Leaving a Legacy
December 10, 2019

Written by Tabitha Hogue

Growing up on a flower farm in rural England, Paul Johnson and his family grew tulips, daffodils and other bright blooms that were sold to flower markets in London and Manchester, and as far afield as Rotterdam in the Netherlands. Now living in the South Bay, he has turned his home’s yard into something of an English country garden with roses, hydrangeas and oleander.

“I do enjoy gardening in the sense that it gets you outside and back to nature. It’s somewhat fulfilling and relaxing,” he notes.

Perhaps part of what makes it relaxing is how different it is from the busy corporate world of international finance, where he has spent his career. Working in finance brought him to Los Angeles in his mid-20s. A few years later he moved to Torrance, where he was introduced to the work of Torrance Memorial Medical Center.

He remembers hearing about the hospital from George Graziadio Jr., a stalwart supporter of Torrance Memorial. At the time, Johnson was working at a bank owned by Graziadio.

“He would often talk about his activities there and the mission of the hospital,” Johnson recalls. “He was a big advocate of supporting the community and giving back.”

Graziadio’s passion for philanthropy—and for supporting Torrance Memorial in particular—remained in the back of Johnson’s mind, and a few years ago as he was putting together his estate plan, he decided he’d like to include a bequest for the hospital in his trust. As a single man with no children, Johnson wanted to make sure he left behind a legacy that would benefit members of the Torrance community.

“I think we all like the idea of seeing the direct impact of our giving in the community we live in,” he says. “And that’s certainly the case with Torrance Memorial, seeing not just the physical presence of the hospital and its outpatient facilities, but also how it contributes to the well-being of South Bay residents.”

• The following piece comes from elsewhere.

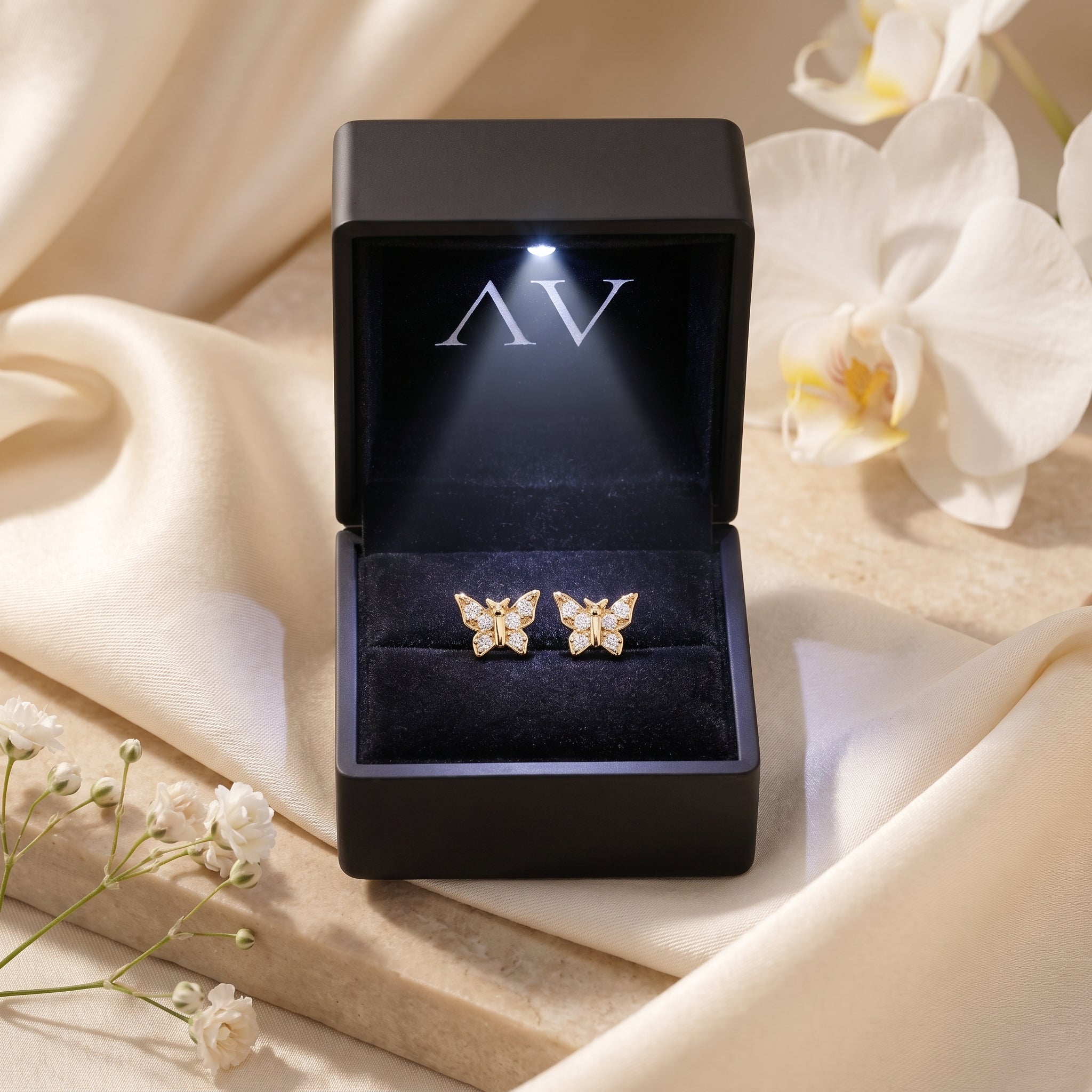 Gold butterfly earrings in lighted black gift box.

Now 58, Johnson is giving up 70-hour work weeks in the corporate world in favor of starting his new consulting business, Trade Lanes Consulting LLC. He has more time to give back to the community through volunteering and philanthropy, and he is also crossing items off his bucket list. A big fan of the outdoors, he enjoys hiking, playing volleyball and golfing, in addition to gardening.

“I was looking to rebalance time away from banking, essentially in favor of the things that bring joy and happiness to me and the people around me,” he notes.

Johnson’s planned contribution to Torrance Memorial is part of his desire to give back in the areas of health care and the environment. He knew the hospital had an outstanding reputation and felt confident his gift would be put to good use.

“I actually was a customer of the hospital a couple of months ago,” he said. “I had fairly minor shoulder surgery to remove a bone spur. I was treated well, and that just reinforced the fact I’d made a good decision.”